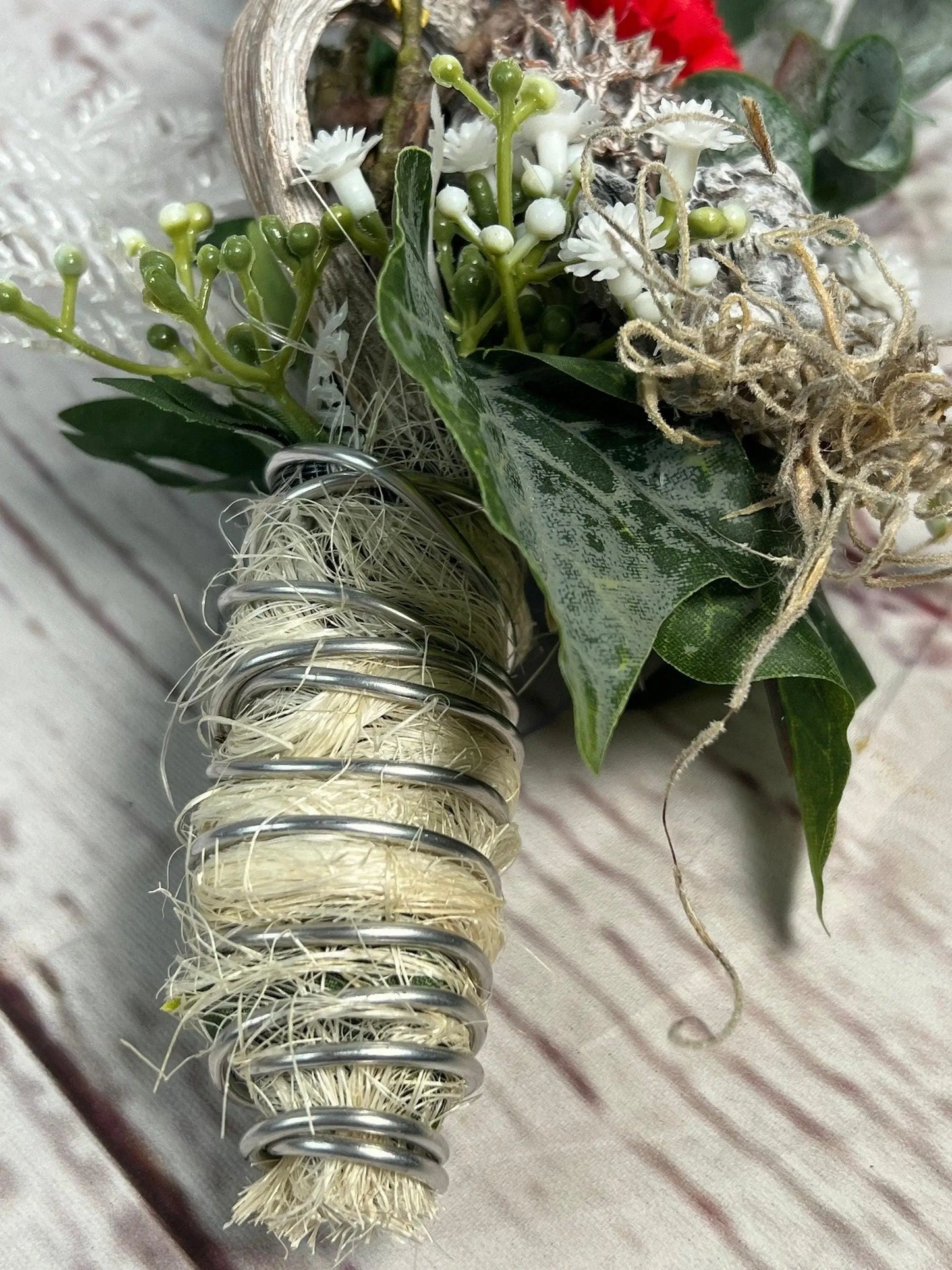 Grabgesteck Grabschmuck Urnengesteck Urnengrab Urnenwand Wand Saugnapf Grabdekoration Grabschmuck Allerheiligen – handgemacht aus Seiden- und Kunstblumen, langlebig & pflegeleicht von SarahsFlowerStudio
#####
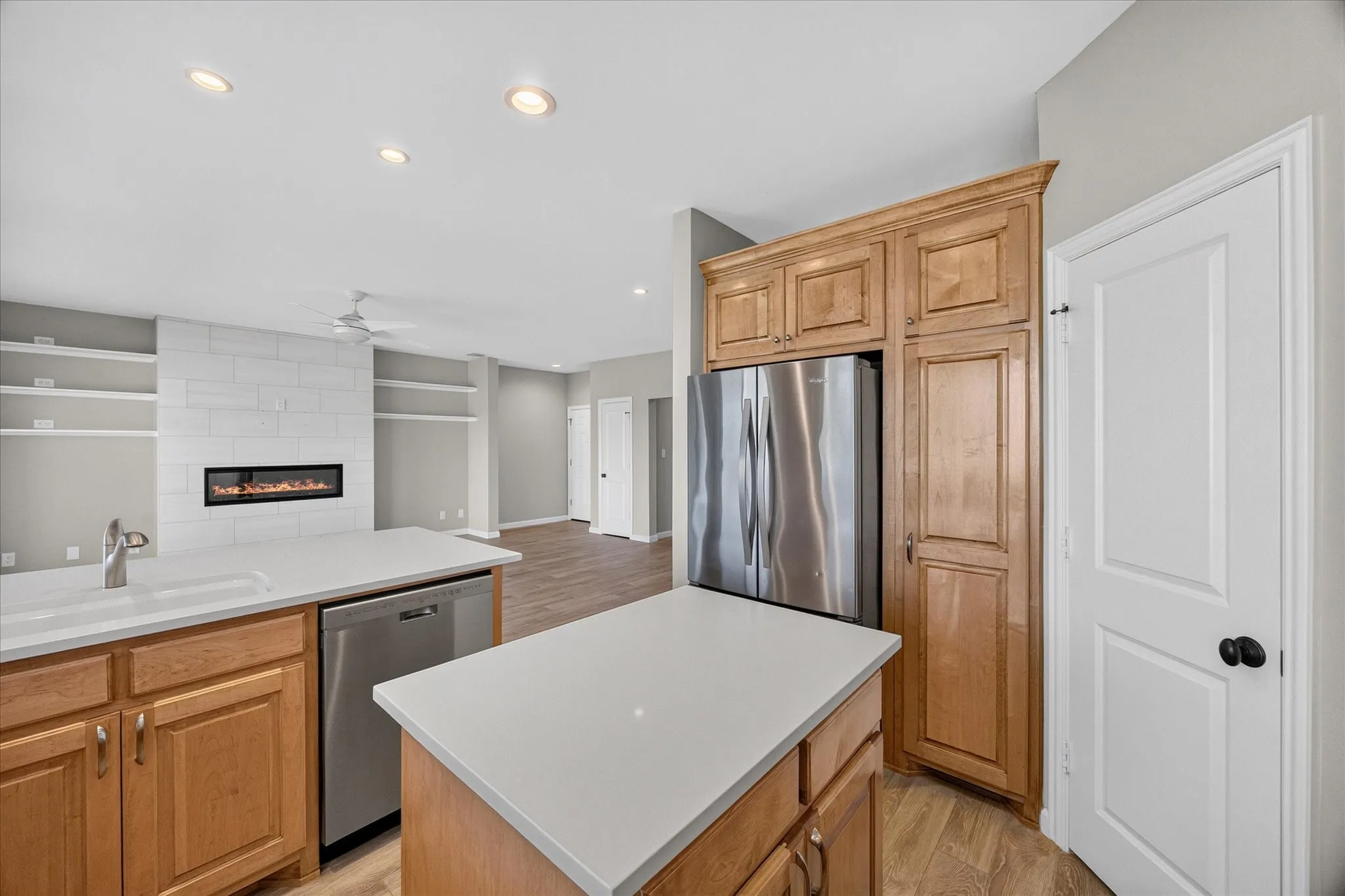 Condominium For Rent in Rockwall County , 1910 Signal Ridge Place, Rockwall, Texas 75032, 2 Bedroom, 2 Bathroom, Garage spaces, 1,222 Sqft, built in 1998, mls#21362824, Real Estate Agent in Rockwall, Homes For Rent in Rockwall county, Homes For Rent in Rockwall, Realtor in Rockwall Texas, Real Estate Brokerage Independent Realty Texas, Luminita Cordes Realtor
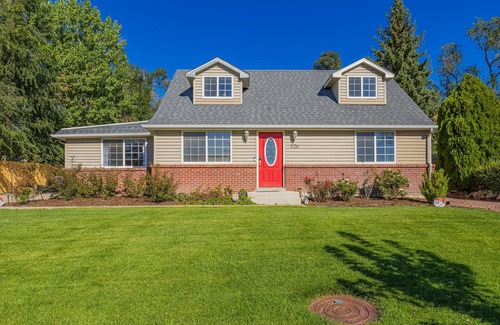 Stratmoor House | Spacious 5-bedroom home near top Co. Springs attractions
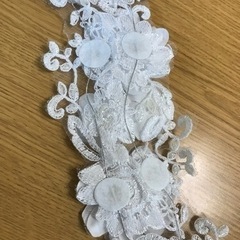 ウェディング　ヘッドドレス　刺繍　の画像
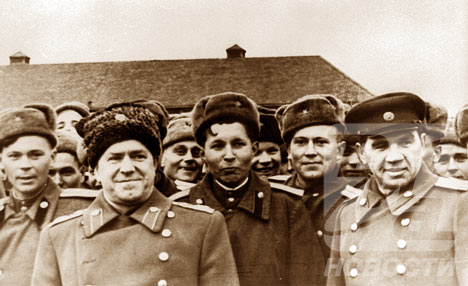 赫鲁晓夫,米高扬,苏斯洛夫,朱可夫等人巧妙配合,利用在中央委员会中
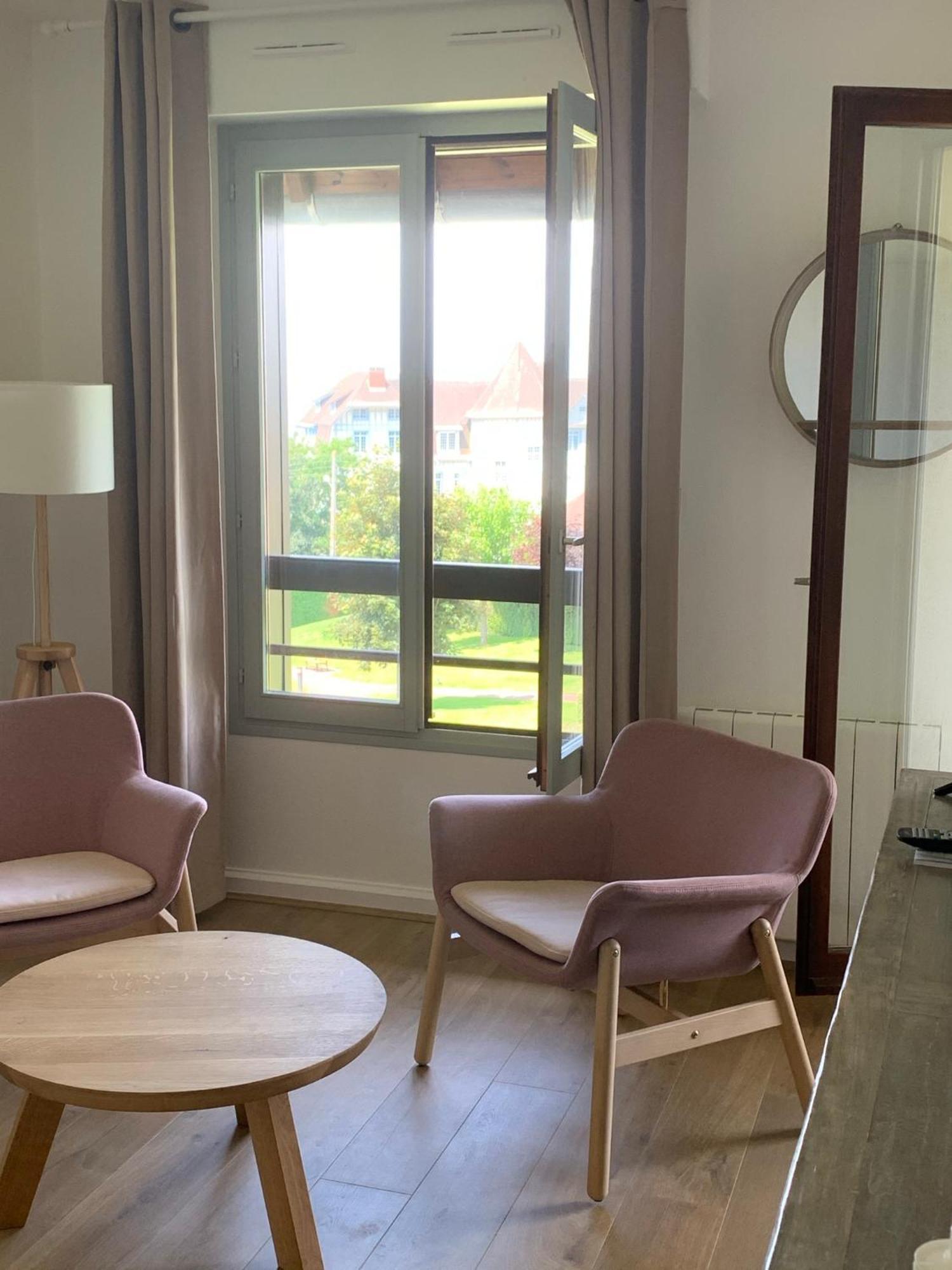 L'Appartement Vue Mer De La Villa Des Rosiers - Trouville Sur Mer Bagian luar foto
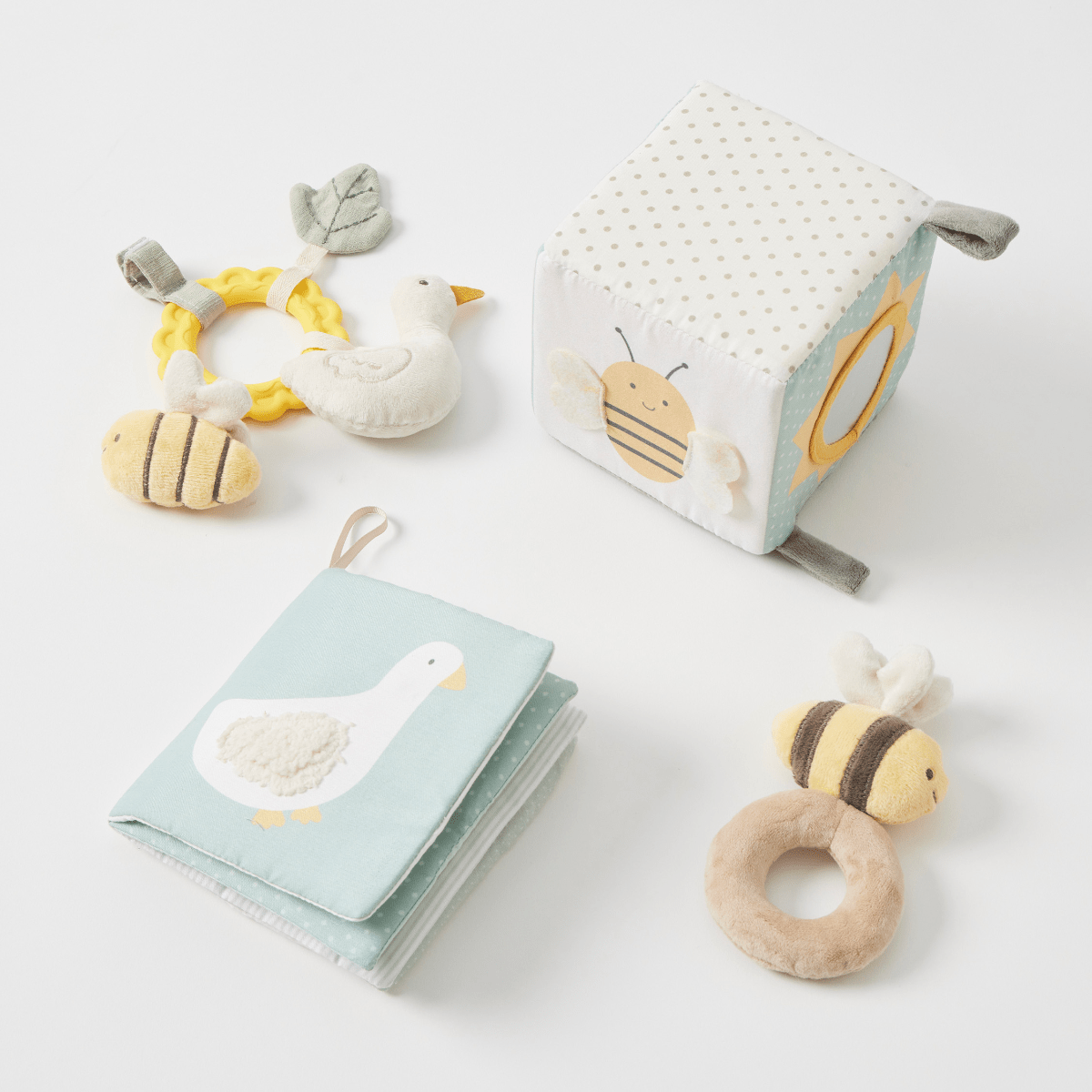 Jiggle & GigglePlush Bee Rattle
#####
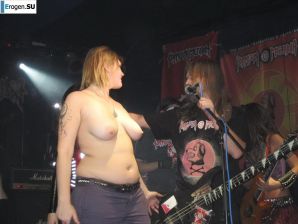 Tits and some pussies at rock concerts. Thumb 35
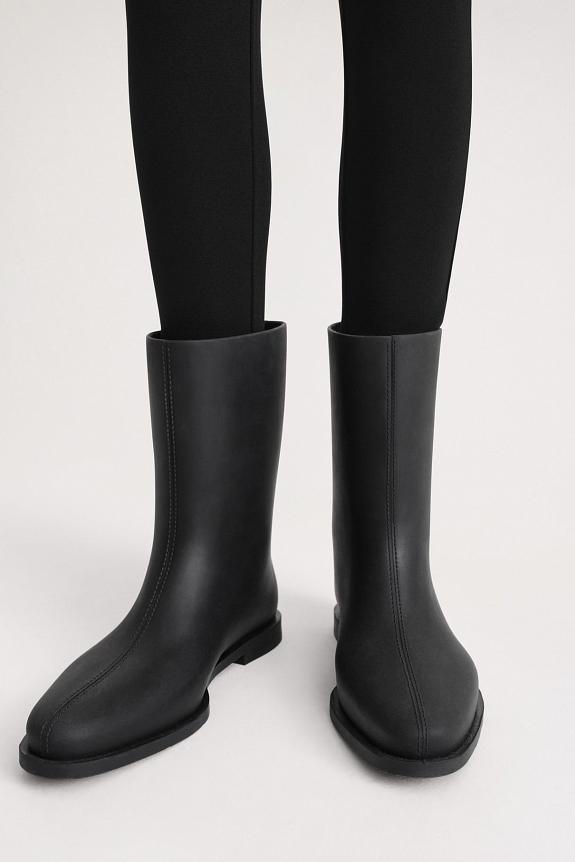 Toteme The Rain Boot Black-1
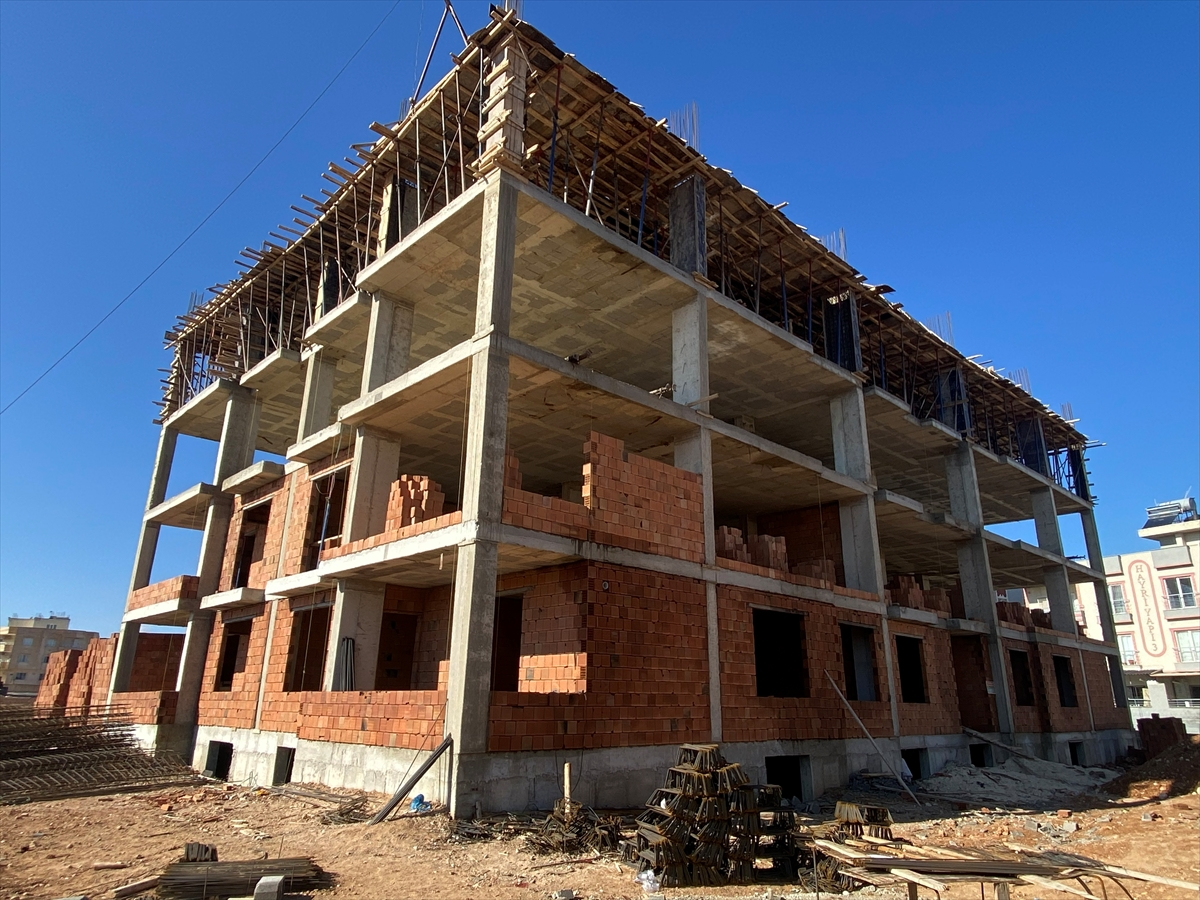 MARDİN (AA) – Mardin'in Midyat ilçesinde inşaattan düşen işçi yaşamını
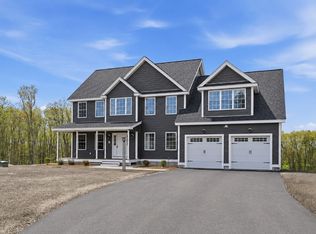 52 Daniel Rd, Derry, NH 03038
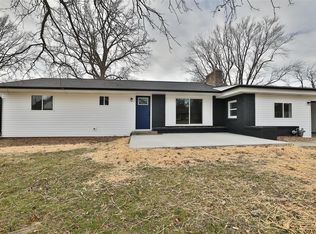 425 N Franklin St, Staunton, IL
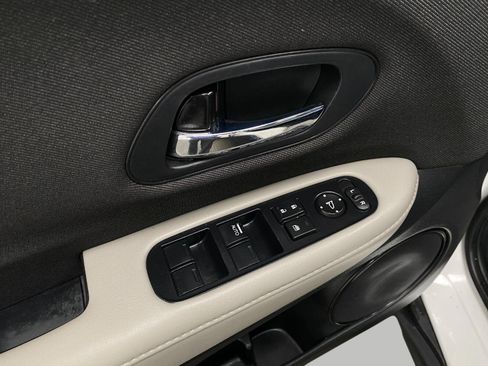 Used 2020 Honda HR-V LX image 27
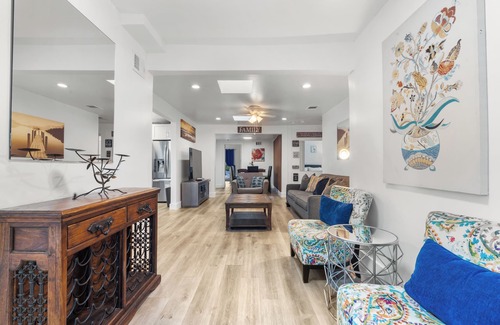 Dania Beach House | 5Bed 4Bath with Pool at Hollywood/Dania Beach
#####
Using the data above, set down each line from the line with "ウェディング　ヘッドドレス　刺繍　の画像" to the line with "Jiggle & GigglePlush Bee Rattle" exactly, both ends included, and leave the pictures behind. Nothing else belongs.

## [Written response]
 ウェディング　ヘッドドレス　刺繍　の画像
 赫鲁晓夫,米高扬,苏斯洛夫,朱可夫等人巧妙配合,利用在中央委员会中
 L'Appartement Vue Mer De La Villa Des Rosiers - Trouville Sur Mer Bagian luar foto
 Jiggle & GigglePlush Bee Rattle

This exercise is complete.